Many contemporary Acharyas say that Yajnas don't yield fruits overseas, or they say that Yajnas only yield fruits for the first generation of Indians living overseas, but that it's recommended to do Vedic yajnas in India.
The Manusmriti supports this notion:
But the region where the spotted deer roams by nature is to be known
as the ‘land fit for sacrificial acts’; beyond that is the ‘land of
the Mlecchas.’ (23)
The "region where the spotted deer roams" refers to the Indian subcontinent, and this is the deer that it's referring to.
Verses from other Dharma Shastras:
Vyāsa, 1.3.—‘The Vedic dharma can prevail only in that country
over which the black deer roams naturally.’

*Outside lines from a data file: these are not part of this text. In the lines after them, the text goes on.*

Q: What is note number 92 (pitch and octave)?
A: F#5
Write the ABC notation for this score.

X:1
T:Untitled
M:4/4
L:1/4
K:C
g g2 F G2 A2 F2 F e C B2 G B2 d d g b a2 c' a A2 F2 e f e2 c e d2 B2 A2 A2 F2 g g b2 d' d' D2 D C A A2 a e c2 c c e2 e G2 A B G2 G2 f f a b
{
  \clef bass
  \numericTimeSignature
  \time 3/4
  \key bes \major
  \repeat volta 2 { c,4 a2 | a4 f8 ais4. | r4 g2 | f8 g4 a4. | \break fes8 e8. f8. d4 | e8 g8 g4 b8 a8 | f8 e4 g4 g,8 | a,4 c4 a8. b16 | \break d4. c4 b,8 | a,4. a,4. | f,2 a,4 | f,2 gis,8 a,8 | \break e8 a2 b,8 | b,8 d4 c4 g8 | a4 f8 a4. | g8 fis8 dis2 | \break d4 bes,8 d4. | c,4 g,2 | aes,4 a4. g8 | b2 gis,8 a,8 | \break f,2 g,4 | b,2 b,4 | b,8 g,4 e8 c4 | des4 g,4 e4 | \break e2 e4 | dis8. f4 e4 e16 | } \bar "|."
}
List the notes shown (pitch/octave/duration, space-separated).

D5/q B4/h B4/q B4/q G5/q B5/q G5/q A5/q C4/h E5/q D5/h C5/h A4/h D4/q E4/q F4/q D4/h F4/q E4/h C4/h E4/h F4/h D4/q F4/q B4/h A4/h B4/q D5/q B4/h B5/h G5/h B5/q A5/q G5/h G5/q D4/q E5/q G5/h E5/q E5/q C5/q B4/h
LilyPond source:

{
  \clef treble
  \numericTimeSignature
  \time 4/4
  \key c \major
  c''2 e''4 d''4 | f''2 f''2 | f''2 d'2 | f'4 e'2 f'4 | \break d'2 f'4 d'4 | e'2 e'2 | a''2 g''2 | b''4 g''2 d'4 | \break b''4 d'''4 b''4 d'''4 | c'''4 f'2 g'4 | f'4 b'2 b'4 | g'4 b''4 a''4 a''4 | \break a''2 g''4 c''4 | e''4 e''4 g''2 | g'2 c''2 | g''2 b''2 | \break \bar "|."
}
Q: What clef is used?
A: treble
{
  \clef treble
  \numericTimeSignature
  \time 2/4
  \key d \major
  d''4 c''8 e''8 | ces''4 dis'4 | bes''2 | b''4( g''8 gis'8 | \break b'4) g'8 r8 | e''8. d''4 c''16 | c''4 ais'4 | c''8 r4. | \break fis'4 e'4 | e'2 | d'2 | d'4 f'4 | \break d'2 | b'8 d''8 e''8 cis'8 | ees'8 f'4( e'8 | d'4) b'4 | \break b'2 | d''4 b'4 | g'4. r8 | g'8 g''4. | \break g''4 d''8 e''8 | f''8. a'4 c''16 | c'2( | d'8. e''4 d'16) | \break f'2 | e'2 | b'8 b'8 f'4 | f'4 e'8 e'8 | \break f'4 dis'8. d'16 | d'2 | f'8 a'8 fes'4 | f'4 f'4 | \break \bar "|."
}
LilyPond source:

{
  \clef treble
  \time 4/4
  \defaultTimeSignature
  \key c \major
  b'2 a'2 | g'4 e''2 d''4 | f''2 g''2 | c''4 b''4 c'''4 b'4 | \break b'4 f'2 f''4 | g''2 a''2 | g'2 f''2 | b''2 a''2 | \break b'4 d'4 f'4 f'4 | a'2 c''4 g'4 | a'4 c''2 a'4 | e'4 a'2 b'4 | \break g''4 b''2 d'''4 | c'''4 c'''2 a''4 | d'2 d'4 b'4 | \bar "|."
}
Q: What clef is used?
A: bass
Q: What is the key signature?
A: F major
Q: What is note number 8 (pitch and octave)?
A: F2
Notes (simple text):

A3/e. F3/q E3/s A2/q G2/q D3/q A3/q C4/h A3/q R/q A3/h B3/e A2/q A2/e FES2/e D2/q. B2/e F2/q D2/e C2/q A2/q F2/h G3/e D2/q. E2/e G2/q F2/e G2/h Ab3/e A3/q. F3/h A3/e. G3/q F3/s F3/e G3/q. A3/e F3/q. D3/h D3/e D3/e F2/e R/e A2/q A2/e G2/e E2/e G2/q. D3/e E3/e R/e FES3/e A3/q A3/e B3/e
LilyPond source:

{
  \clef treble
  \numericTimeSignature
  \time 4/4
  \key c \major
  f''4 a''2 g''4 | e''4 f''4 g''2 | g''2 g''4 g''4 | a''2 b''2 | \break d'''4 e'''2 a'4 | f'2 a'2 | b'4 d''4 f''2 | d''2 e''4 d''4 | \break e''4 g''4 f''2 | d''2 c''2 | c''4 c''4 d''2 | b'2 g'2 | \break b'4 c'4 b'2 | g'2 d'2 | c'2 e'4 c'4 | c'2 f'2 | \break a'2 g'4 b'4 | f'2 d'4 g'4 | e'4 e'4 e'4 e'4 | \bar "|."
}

Samvarta, 4.—‘That country where the black deer constantly roams at
will is to be known as Dharma-deśa, where alone the duties of the
twice-born can be performed.’
The reason why it says to live in lands that have this type of deer is because the spotted deer's hide is a very important material used in many Yajnas, and since foreign lands don't have this type of deer, then you can't conduct Yajnas there because you would have no hides.
But what if you introduce this species of deer to foreign lands or export or ship spotted deer hides to foreign lands?
This is prohibited by stating that the spotted deer should roam naturally in those lands; or in other words, lands in which the spotted deer is indigenous.
But why should I live in India even if I don't plan on doing Yajnas with deerskin?
Because there are other reasons like Indian soil being more sanctified and pure on account of Rishis having lived there, there being lots of Dvijas, Kshatriyas to protect Yajnas, kings who can defend Dharma, Brahmanas who can teach Dharma and the Vedas, and the holy rivers like the Ganga, Yamuna, and the Kaveri, etc.
All men on the earth may learn their respective duties from the Brāhmaṇas born in these countries. (20)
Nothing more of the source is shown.